The General and Captain roles have all the functionalities of the harvesters/militia/attackers. In addition, they have additional functionality; they are able to call for their whole team to retreat or surrender. These two roles would take the characteristics of normal roles within the team but they are also officers and, therefore, would be able to exhibit actions and make decisions that other units cannot.

Agent architecture

The proposed architecture for the agents in presented in Fig. 3. The agent consists of blackboard and processing components. Information is received by the sensor form the environment, this information is then stored in the blackboard. The Action Selector unit would than select a suitable action based on the information on the blackboard. This final decision is then passed on to the actuator which would apply this to the environment, hence, exhibiting a behaviour.

Fig. 3
figure 3

Agent architecture

The blackboard is divided into two sections; a private blackboard and a shared blackboard. The private blackboard is private and independent for each agent. The information on the private blackboard are only accessible to an instance of the agent and relate to this agent. The private blackboard would include information such as the rank of a unit, the status of troops (its subordinate agents, in case the unit is a captain or a general) and the direct commands it receives. The shared blackboard is information that is public amongst all agents. This simulates the knowledge held at the nest that is publicly known to all agents. The commands from General which applies to all units are available in the shared blackboard.
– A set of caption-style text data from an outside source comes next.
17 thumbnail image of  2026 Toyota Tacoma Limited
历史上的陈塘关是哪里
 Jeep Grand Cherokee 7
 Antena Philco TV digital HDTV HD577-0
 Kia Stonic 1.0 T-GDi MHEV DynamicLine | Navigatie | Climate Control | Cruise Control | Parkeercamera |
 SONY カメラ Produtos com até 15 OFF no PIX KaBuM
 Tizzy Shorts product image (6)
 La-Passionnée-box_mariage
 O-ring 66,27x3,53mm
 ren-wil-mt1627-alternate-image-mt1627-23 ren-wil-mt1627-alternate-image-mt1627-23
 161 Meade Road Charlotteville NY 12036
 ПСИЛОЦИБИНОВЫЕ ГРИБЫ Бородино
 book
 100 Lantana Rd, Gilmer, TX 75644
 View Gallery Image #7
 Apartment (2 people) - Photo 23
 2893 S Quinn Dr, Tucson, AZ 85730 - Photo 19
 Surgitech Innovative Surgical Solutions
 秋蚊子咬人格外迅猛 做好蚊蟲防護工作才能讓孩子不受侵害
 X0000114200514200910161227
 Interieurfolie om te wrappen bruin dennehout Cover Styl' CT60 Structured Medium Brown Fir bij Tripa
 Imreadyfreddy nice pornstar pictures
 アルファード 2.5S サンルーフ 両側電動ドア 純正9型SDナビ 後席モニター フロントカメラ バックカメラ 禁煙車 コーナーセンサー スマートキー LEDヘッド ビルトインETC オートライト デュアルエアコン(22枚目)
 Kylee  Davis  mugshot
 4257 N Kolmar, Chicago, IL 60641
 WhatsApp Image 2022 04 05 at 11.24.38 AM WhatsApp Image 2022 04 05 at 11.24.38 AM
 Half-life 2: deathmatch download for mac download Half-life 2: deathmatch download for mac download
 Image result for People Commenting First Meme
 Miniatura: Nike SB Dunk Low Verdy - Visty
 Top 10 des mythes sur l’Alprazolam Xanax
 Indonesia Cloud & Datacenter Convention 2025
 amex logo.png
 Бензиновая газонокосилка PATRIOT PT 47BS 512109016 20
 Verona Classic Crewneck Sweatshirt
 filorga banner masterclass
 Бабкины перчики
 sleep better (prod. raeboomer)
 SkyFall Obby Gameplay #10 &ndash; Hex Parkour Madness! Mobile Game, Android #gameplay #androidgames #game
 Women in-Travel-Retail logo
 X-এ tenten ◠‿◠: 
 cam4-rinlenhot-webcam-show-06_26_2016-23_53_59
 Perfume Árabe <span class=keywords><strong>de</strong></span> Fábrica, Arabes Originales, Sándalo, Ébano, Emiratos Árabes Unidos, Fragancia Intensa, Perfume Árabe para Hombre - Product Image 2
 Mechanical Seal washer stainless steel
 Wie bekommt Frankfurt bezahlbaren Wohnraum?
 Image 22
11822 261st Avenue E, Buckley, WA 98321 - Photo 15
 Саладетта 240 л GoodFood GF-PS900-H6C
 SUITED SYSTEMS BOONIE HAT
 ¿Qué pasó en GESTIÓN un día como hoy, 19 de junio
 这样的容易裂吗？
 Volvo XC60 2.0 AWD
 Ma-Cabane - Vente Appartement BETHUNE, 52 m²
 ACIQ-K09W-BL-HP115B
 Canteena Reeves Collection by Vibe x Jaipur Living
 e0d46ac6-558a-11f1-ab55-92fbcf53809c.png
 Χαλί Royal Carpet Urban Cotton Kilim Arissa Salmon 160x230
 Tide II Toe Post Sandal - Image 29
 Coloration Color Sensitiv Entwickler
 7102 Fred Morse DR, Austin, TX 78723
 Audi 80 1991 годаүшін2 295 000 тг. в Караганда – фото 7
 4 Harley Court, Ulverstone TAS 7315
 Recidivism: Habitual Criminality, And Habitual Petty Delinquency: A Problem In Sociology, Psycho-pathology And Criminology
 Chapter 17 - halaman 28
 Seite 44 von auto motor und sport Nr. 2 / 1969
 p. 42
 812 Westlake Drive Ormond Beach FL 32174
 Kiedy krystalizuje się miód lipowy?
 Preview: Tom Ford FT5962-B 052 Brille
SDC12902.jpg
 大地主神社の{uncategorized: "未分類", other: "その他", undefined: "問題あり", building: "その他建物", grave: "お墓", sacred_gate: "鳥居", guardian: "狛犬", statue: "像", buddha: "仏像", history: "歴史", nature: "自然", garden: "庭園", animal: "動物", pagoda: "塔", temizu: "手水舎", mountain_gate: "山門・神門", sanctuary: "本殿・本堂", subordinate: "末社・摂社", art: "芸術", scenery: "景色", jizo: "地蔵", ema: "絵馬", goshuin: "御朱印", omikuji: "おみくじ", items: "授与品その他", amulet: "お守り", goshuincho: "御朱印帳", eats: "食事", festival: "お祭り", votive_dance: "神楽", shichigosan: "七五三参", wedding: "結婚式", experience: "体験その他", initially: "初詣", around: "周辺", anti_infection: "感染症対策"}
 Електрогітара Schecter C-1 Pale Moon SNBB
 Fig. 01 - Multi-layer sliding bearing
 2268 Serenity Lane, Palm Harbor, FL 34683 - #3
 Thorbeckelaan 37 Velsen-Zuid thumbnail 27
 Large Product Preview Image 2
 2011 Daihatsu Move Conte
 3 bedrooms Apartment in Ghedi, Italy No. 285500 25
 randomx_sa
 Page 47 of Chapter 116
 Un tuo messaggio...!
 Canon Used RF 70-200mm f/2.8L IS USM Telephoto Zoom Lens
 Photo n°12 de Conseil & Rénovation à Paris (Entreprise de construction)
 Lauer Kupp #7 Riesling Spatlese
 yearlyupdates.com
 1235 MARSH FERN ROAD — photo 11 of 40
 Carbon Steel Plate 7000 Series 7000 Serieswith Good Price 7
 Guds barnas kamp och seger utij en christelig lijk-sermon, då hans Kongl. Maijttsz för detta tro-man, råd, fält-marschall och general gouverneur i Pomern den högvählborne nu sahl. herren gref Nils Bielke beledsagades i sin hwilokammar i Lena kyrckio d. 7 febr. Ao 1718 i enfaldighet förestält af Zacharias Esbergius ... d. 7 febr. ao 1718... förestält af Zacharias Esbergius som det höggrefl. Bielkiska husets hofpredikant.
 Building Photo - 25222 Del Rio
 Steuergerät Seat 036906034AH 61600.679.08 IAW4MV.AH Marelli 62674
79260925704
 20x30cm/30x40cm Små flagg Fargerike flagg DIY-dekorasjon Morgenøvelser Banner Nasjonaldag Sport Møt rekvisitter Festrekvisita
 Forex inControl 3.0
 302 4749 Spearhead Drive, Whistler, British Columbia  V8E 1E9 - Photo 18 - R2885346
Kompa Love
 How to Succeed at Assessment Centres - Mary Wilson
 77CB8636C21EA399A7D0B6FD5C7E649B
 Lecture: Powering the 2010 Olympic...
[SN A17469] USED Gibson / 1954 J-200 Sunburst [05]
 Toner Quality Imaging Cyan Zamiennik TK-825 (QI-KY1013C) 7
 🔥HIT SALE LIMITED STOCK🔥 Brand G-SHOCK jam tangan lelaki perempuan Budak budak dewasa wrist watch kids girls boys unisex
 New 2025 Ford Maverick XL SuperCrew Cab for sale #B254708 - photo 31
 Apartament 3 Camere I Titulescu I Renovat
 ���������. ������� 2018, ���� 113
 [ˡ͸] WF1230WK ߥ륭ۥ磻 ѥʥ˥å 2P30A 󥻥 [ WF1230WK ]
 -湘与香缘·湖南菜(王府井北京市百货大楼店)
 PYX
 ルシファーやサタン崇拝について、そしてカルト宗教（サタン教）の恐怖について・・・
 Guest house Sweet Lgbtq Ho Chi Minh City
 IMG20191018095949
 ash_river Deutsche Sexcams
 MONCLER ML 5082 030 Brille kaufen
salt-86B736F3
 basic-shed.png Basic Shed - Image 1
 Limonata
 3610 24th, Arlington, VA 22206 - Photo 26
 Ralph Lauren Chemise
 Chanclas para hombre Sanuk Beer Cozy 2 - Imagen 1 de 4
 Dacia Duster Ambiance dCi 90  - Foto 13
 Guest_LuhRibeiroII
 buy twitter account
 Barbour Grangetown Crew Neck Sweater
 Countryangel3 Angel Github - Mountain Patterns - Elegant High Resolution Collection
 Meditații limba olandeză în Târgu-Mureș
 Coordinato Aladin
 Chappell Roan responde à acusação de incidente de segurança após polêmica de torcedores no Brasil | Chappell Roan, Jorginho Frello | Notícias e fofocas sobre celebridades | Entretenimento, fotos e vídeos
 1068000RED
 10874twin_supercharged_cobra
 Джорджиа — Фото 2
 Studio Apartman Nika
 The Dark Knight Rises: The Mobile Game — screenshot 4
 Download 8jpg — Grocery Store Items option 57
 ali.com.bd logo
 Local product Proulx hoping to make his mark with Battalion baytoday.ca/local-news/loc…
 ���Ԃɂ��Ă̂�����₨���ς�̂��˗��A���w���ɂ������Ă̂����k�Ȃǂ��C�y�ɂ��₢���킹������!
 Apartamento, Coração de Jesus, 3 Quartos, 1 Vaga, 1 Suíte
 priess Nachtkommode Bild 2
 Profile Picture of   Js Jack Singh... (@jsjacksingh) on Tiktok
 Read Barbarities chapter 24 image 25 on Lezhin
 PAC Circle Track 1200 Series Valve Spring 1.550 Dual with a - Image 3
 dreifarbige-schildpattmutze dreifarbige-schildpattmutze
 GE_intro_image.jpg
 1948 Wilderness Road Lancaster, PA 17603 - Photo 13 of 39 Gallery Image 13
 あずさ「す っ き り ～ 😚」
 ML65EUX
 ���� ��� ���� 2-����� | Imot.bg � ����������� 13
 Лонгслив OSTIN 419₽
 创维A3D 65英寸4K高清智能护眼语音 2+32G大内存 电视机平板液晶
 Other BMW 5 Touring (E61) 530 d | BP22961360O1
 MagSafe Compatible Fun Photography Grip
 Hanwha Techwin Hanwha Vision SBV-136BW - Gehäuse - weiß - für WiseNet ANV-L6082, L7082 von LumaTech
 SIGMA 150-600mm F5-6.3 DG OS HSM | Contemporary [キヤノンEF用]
The action consists of a director module that reads the current state of the agents, and then based on the current state of the world and the current command issues to the unit, decides which of the underlying experts are needed to make the next decision. At any given situation, the agent might need to take multiple decision through multiple experts. The agent might need to move and flock at the same time as flocking action would involve moving and, therefore, pathfinding. The three expert units; pathfinder, attacker and flocker will use the information from the agent state and the world state and make their own relative decisions. Finally, the decisions made by the three experts are passed to the unifier module which would consider the current command issues to the agent as well as the status of its subordinates (if any) and then unify these into a decisions which would formed into actionable directives that are passed to the actuator.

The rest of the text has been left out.